Once upon a time, more than 2 decades ago, in the far North East, there was a 5-year-old little girl. In a small town in a village, she was out shopping with her folks. She was intently waiting for her parents in the car, and that is when she heard the first gunshot. Seconds later, this was followed by the sound of a hail of bullets. A stray bullet flying towards the car got stuck in the rear windshield.
“I still remember my dad came and took me out of the car window. We rushed inside a nearby shop and switched off the lights. We stayed in for an hour and a half, all through which we could hear the continuous firing of bullets.”
Suddenly there were people banging on the shop door, threatening them, ordering them to surrender themselves. Her parents raised her hands, but she couldn’t understand as to why they had to surrender. With the innocence of a befuddled child, she was bobbing her hands halfway, as she saw her parents do the same. As they walked out they saw their surroundings engulfed in a fiery inferno, their car burning, hundreds of shops on fire, gas cylinders in houses exploding. She was made to lie down on the road the whole day, face-forward, it bruised her knees.
“I don’t remember this, but years later when I spoke to my mom about it, she told me that I had slept off for a few hours on the road amidst this.”
That’s childhood rife with Bandhs (curfews) for Limabenla Jamir, who lives in Nagaland. As kids, it was an occasion to rejoice that they were let off school, she now realizes how adversely it affected their education, their upbringing. Every day someone would get assassinated, or taken away, the insurgent groups or the Indian army would come checking disrupting the lives of civilians.
In 1997 though, the GoI and NSCM (IM) signed a ceasefire agreement after a series of peace talks, which has ensured some stability in the region. After numerous rounds of talks, a framework agreement was again signed in 2015 between GoI and NSCN(IM), which basically lays the framework to pave the way for a final settlement on the Naga issue, according to the information given by the Prime Minster’s Office and NSCN (IM) one of the Naga Political groups.
It’s been years since the Indo-Naga conflict has affected the lives and prosperity, but the real question here is why is taking such a long time? History and open dialogues, so much resentment and grudge because we don’t understand the predicament of the other side. “Are you Indian? Are you from Nepal?” Maybe we do not ask the right questions when we meet our brothers from the east.
“I was going to Delhi, to drop my sister who was to start her studies at Hindu college. Indian Army stopped us in Kohima, it was just another day again when the security was intense, and asked, “Kaha jaa rahe hai?” (Where are you going?), which flight are you taking? etc. I responded to all their questions in Hindi and they were shocked. I fail to understand why they enjoying asking such random questions with that laughter behind every statement.”
Now, I don’t mean to generalize for an entire section, but even one such incident is like fuel on fire. All this because you don’t know the predicament of the person on the other side or the environment in which they grew up in.
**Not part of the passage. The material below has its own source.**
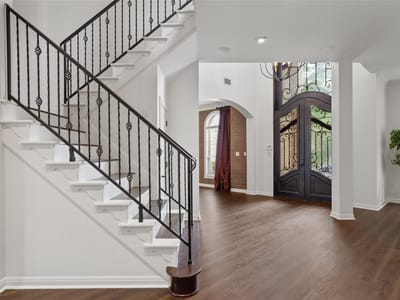 Primary bedroom at 4313 Rio Robles DR - 5 bed 4 bath home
“I was in 9th grade I opened Seventeen magazine where I saw girls attending different universities in Delhi or Bangalore. It was a big deal for me that they were attending UN events, and that’s how I planned my bachelors in Delhi University.”
“Now, that I was pursuing psychology in Delhi, I began to question the situation in my region and began analyzing the conflict. That is when I decided to pursue my masters in the UK. My research was around how young people are affected by these conflicts, and the results showed that these people did show lower self-esteem and lower life satisfaction and affected their mental health.”
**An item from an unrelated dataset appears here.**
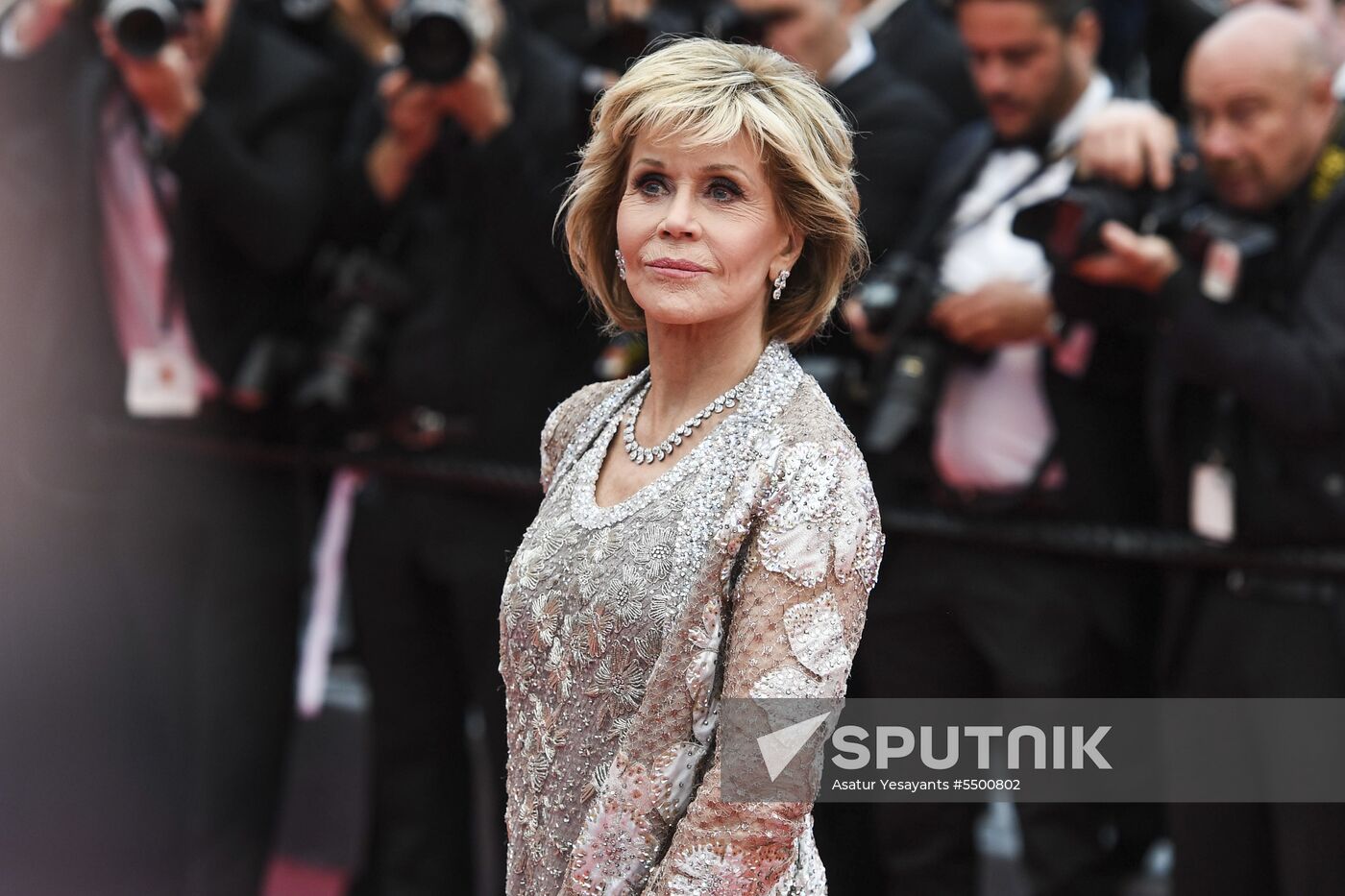 71st Cannes International Film Festival. Day seven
Like many conflicted regions, these results were prevalent in her region amongst her people. During her time in the UK, she got introduced to several United Nations Program and Trainings. She came back to India and with the help of an enthusiastic bunch of young people, founded a platform called NEIMUN (North East India International Model United Nations).
They train young people, conferences, platforms, and events under the UN4MUN program established by UNDPI, WFUNA across different states in North East India. They encourage young people to question, to read the newspaper more often, to think about the world beyond our state our region. It is a platform to which helps them learn about public speaking, negotiation and develop their leadership skills. It’s an opportunity for students from different states to visit the North East, starting with small numbers to attend 3-day event. They have people from Bangalore, Delhi, Hyderabad, and Punjab who came to attend the conference. The conferences and events revolve around discussing on the sustainable development goals, international politics, etc.
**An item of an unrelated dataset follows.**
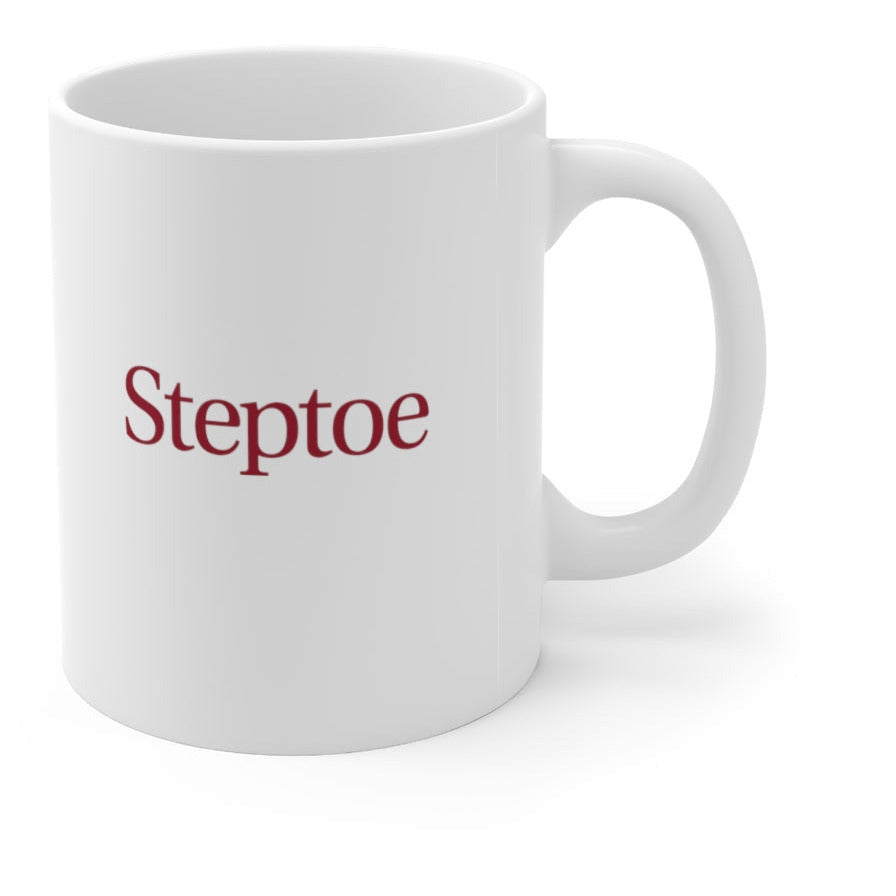 Steptoe Ceramic Mug 11oz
“In one of the conference, during the feedback session this young person mentioned that someone close to him was killed in the India-Pakistan war. Whenever he thought about Pakistan, he was filled with anger and frustration, but attending this conference he had to read about Pakistan, their problems and he said, ‘I see that we have similar sufferings in Pakistan and Nagaland, but the young people there they want the same dreams, a good future. My anger and frustration are no more’.”
I was short on time, but not on the length of the conversation. I know we must not always ask for solutions before the time is right, but sometimes it’s hard not to think, ‘How to resolve this?’.
“I haven’t thought of this before this, but since you ask, I think of interstate collaboration amongst students of states or governments of states on different projects and programs, instead of communication with the centre. Exchange programs for teachers and students, and young people in policy making process so that we don’t just comment on policies after they are made but are a part of their formation.”
History is important. Sometimes its filled with frustration and sorrow but without that piece with us, we’ll repeat the same mistakes. We’re from the millennial generation, that means we have unlimited access to information, not to sulk or lash out for what was wrong in our past, but to improve our future and ensure that not just our generation but the next one as well, has a chance at creating a future without any boulders obstructing their flow of thought. Nagaland is at peace. It’s not a conflict zone anymore.
‘Start a conversation, not to find a solution but to do justice to our childhood pledge, ‘All Indians are my brothers and sisters’. I had a conversation with Limabenla Jamir and Reena Ngurang, if not all of it, I know my country a little better now.
Limabenla Jamir was nominated as a Global Shaper by the World Economic forum. She is also the Founding Curator of Kohima Hub, WEF. She spoke at the TEDxDumas platform and shared her experiences with the audience.